About this exercise:
Beginning with the line containing "Gold Flower Charms,Flower" and ending with the line containing "Pink Basket Weave", write out each line of the records below exactly; pictures and lines outside that range are left out.

Provided entries:

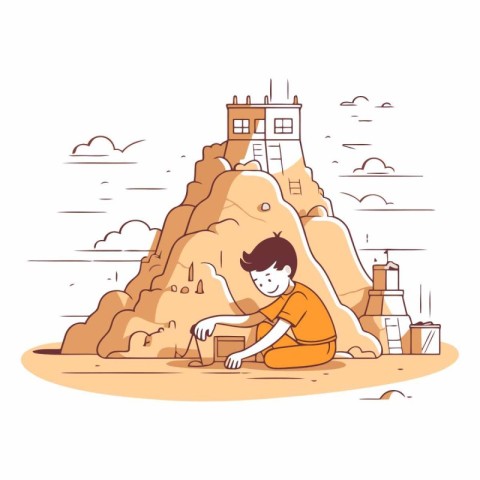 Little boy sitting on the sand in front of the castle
==
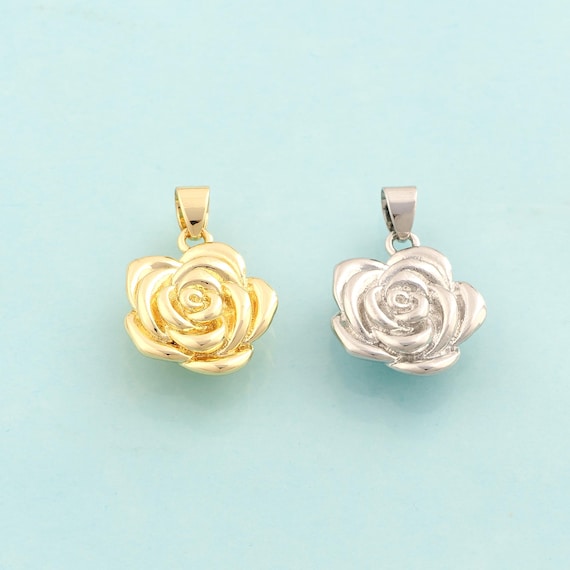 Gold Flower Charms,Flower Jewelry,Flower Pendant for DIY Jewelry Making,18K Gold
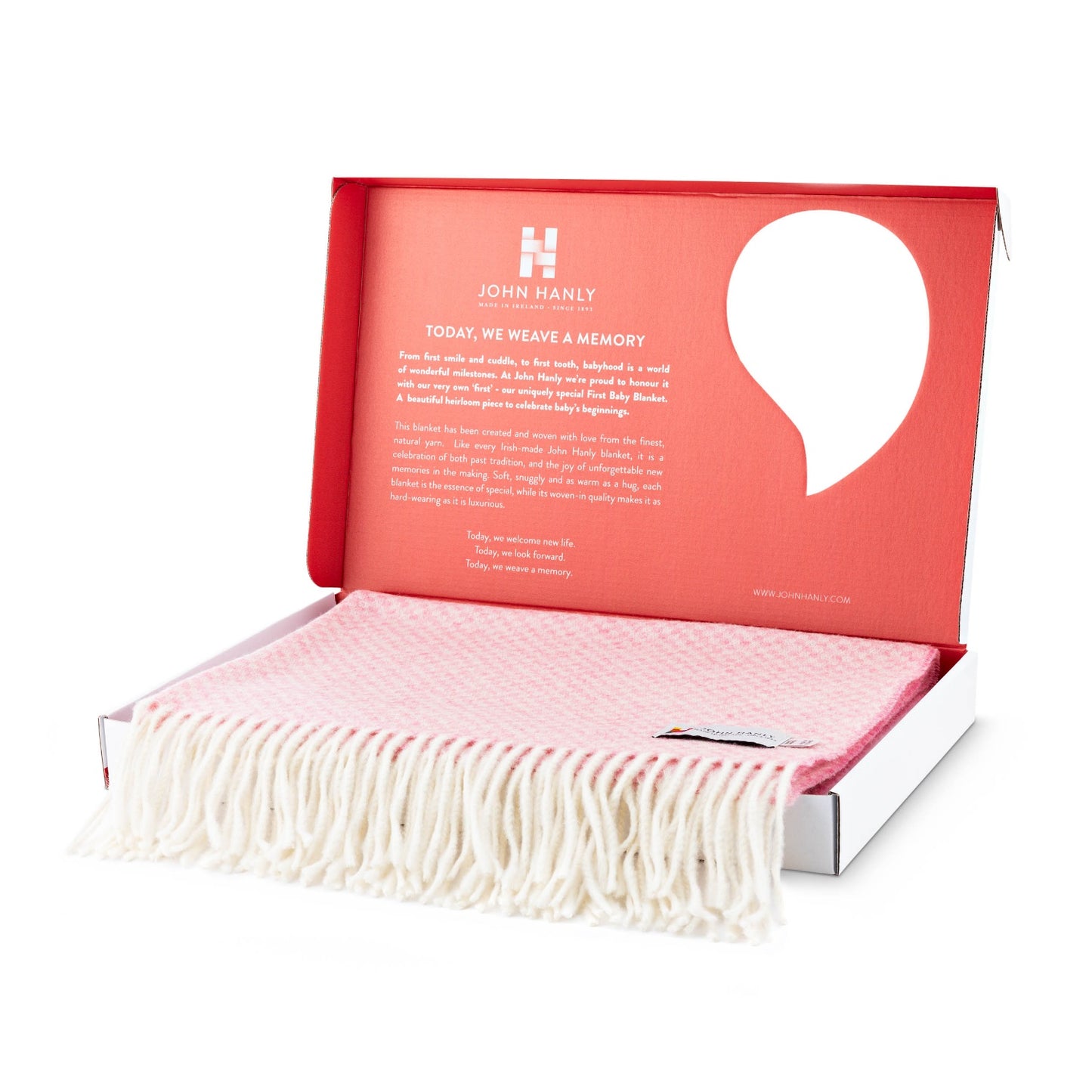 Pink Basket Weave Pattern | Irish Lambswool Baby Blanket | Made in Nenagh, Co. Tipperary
* * *
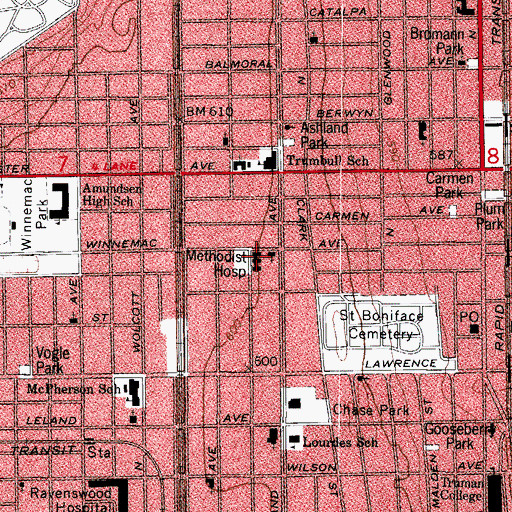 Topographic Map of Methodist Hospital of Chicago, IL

Result below:
 Gold Flower Charms,Flower Jewelry,Flower Pendant for DIY Jewelry Making,18K Gold
 Pink Basket Weave Pattern | Irish Lambswool Baby Blanket | Made in Nenagh, Co. Tipperary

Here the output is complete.